O indulto pode ser individual ou coletivo. O primeiro não deixa de ser uma forma de graça com outro nome e poderá ser provocado por petição do condenado, por iniciativa do Ministério Público, do Conselho Penitenciário ou da autoridade administrativa, que será encaminhado, com parecer do Conselho Penitenciário, ao Ministério da Justiça, onde será processado e depois submetido a despacho do Presidente da República. Por sua vez, o indulto coletivo é concedido independentemente de provocação, sem audiência dos órgãos técnicos, pelo Presidente da República, em ocasiões especiais, sendo uma tradição o indulto coletivo, concedido, todos os anos, nas vésperas do Natal.

Trata-se de forma de extinção de punibilidade.

Publicado na edição do dia 23 de dezembro de 2017  do Diário Oficial da União, o decreto de indulto deste ano altera e torna mais brandos os critérios para que um presidiário possa receber a extinção da pena. Foi, sem dúvida, uma medida extremamente liberal.

A principal mudança em relação aos anos anteriores está no tempo máximo de condenação exigida. Até o ano passado, para ser indultado, o preso deveria ter sido condenado a, no máximo, 12 anos de prisão e já ter cumprido o equivalente a um quarto da pena, se não fosse reincidente. Neste ano, porém, os critérios foram afrouxados: o acesso ao indulto seria concedido a todos aqueles que cumpriram um quinto da pena, independentemente de tempo total de condenação, se não forem reincidentes. Para os reincidentes, é preciso ter cumprido um terço da pena para receber o benefício.

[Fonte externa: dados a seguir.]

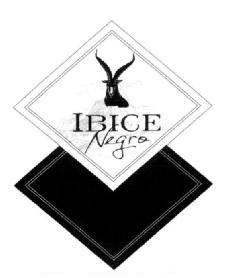 Imagen de IBICE NEGRO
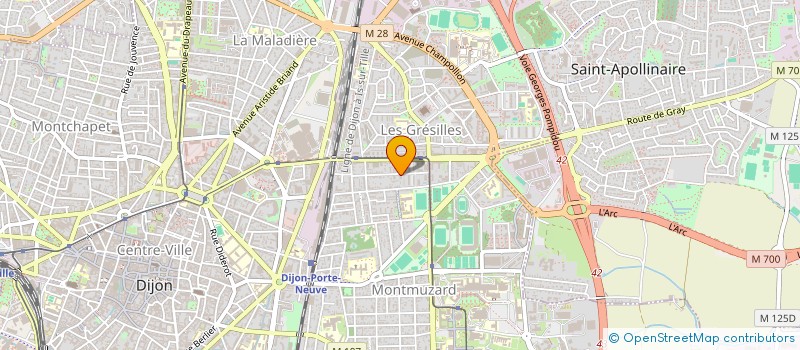 localisation de l'entreprise MONSIEUR SAMUEL DELCROIX à DIJON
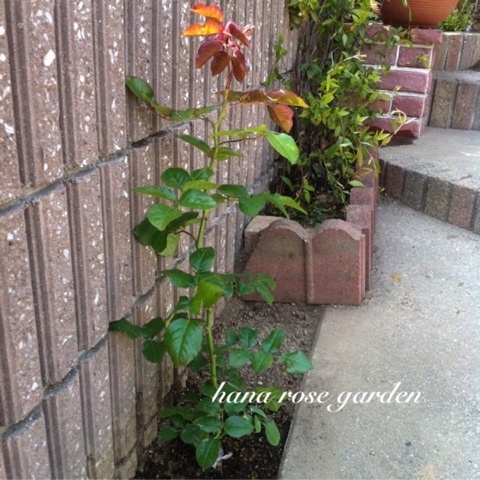 photo:02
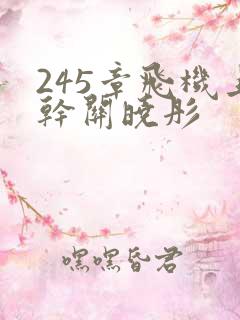 245章飞机上干关晓彤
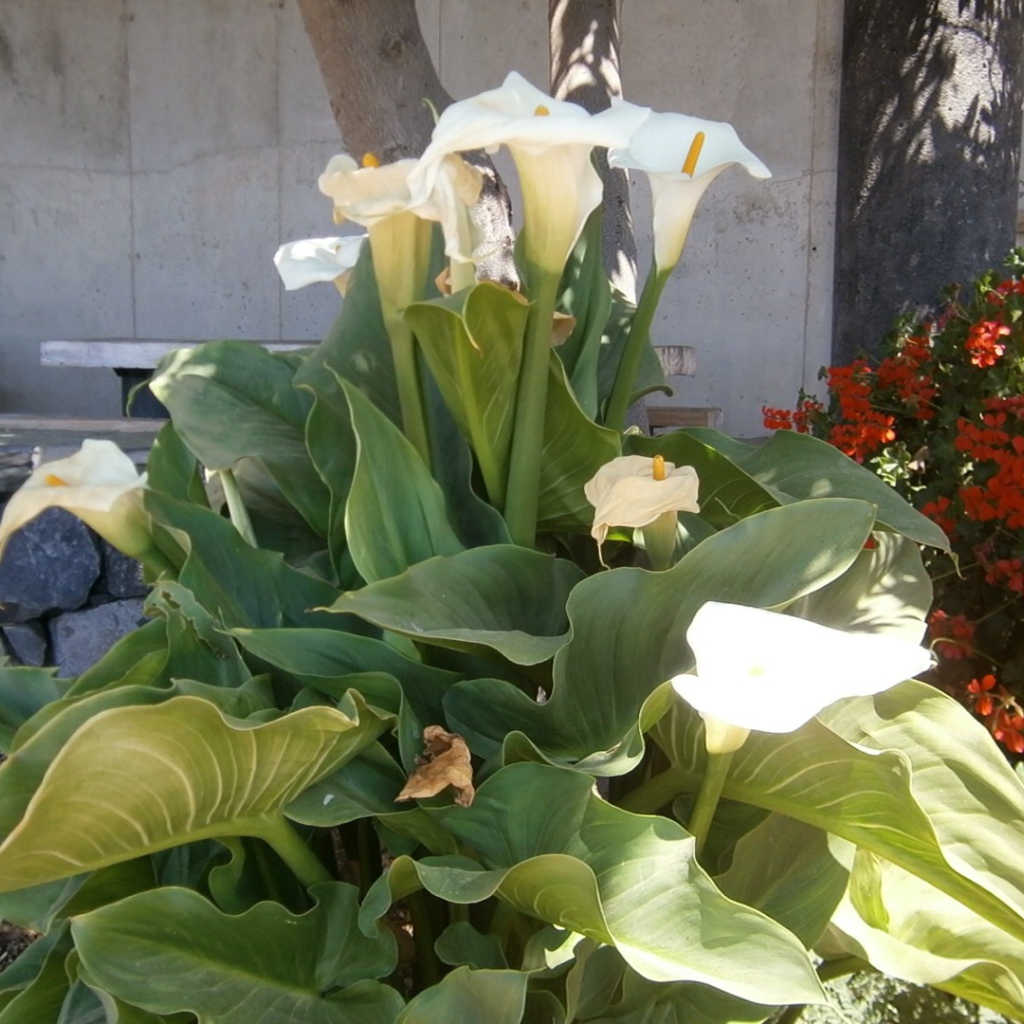 Цветки Калы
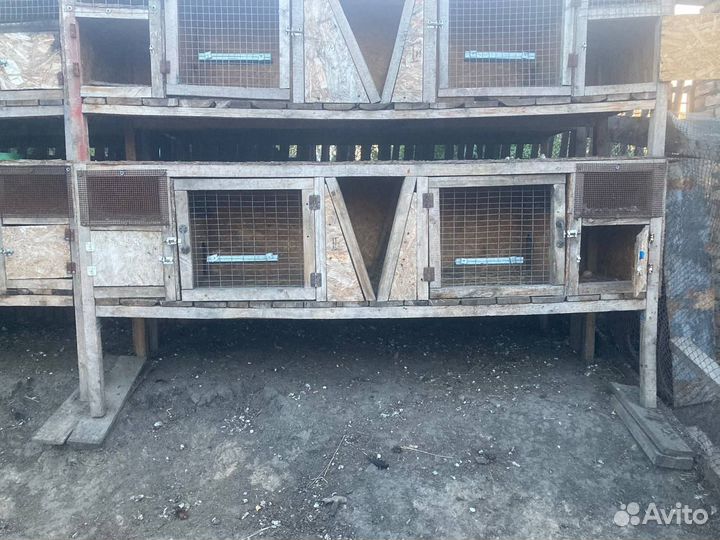 Клетки для кроликов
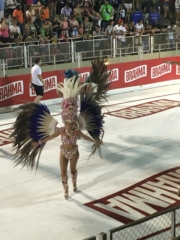 Feathers Feathers Feathers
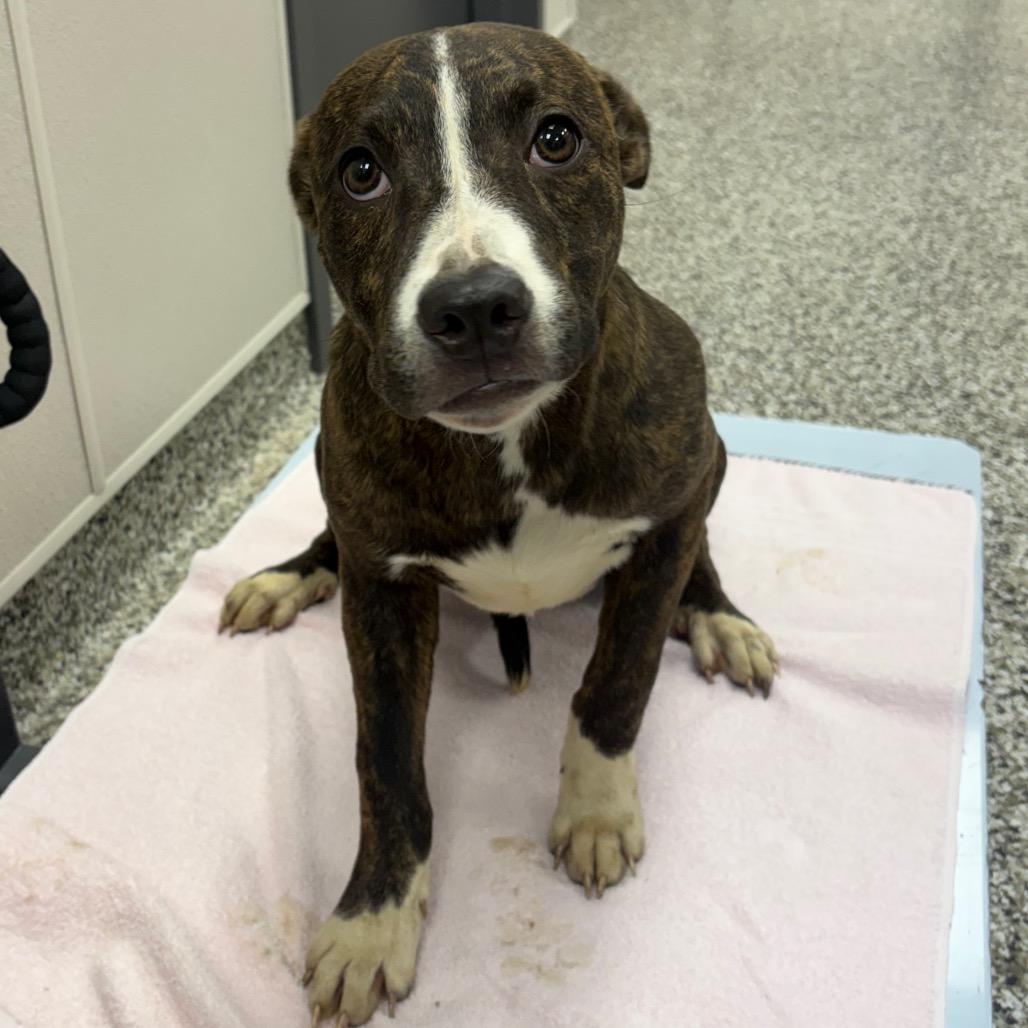 Dunkaroos, a Adoptable mixed breed in Morganton, NC image 3/6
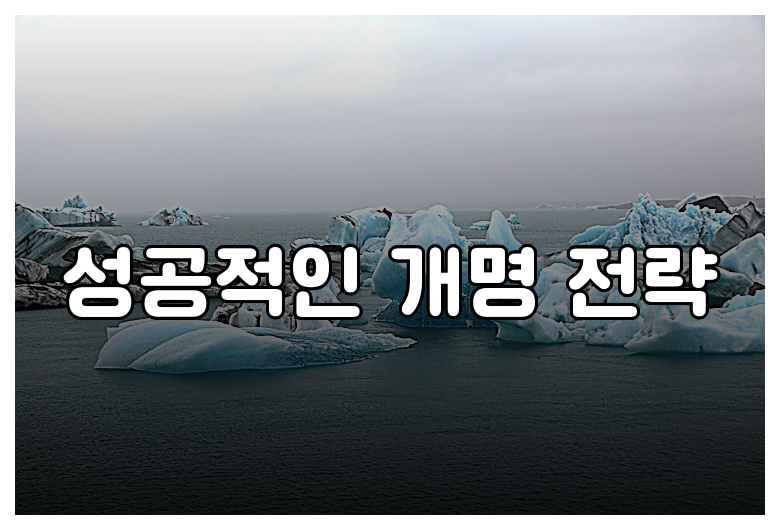 성공적인 개명 전략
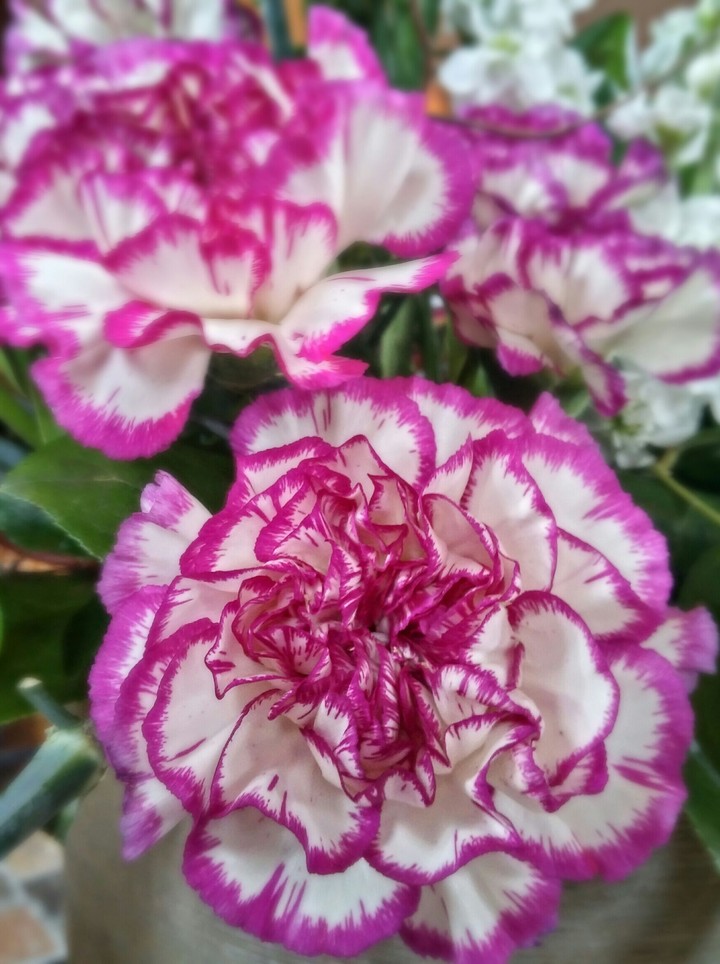 flower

Segundo a última edição do Levantamento Nacional de Informações Penitenciárias, disponível no website do Ministério da Justiça, há 73.781 presos por furto. Em tese, a depender do percentual da pena cumprida, são abraçados pelo indulto.O indulto pressupõe decisão judicial ainda que não definitiva e não leva em conta procedimentos administrativos como inquéritos, mas processos criminais.Segundo informa-se, a procuradora-geral da República, Raquel Dodge, ajuizou no dia 27 de dezembro do corrente ano uma ação direta de inconstitucionalidade no Supremo Tribunal Federal para contestar trechos do decreto de indulto de Natal assinado pelo presidente Michel Temer. Para Raquel Dodge, o indulto coloca em risco a Lava Jato, “materializa o comportamento de que o crime compensa” e será “causa única e precípua de impunidade de crimes graves”.“O chefe do Poder Executivo não tem o poder ilimitado de conceder indulto. Na República, nenhum poder é ilimitado. Se o tivesse, aniquilaria as condenações criminais, subordinaria o Poder Judiciário, restabeleceria o arbítrio e extinguiria os mais basilares princípios que constituem a República constitucional brasileira”, escreveu Raquel Dodge.Para Raquel Dodge, o indulto afronta a Constituição Federal. “Sem razão específica, (o decreto) ampliou os benefícios desproporcionalmente e criou um cenário de impunidade no país: reduziu o tempo de cumprimento de pena que ignora a pena aplicada; extinguiu as multas aplicadas; extinguiu o dever de reparar o dano; extinguiu penas restritivas de direito; sem razões humanitárias que justifiquem tais medidas e tamanha extinção da punibilidade”, observou a procuradora-geral da República.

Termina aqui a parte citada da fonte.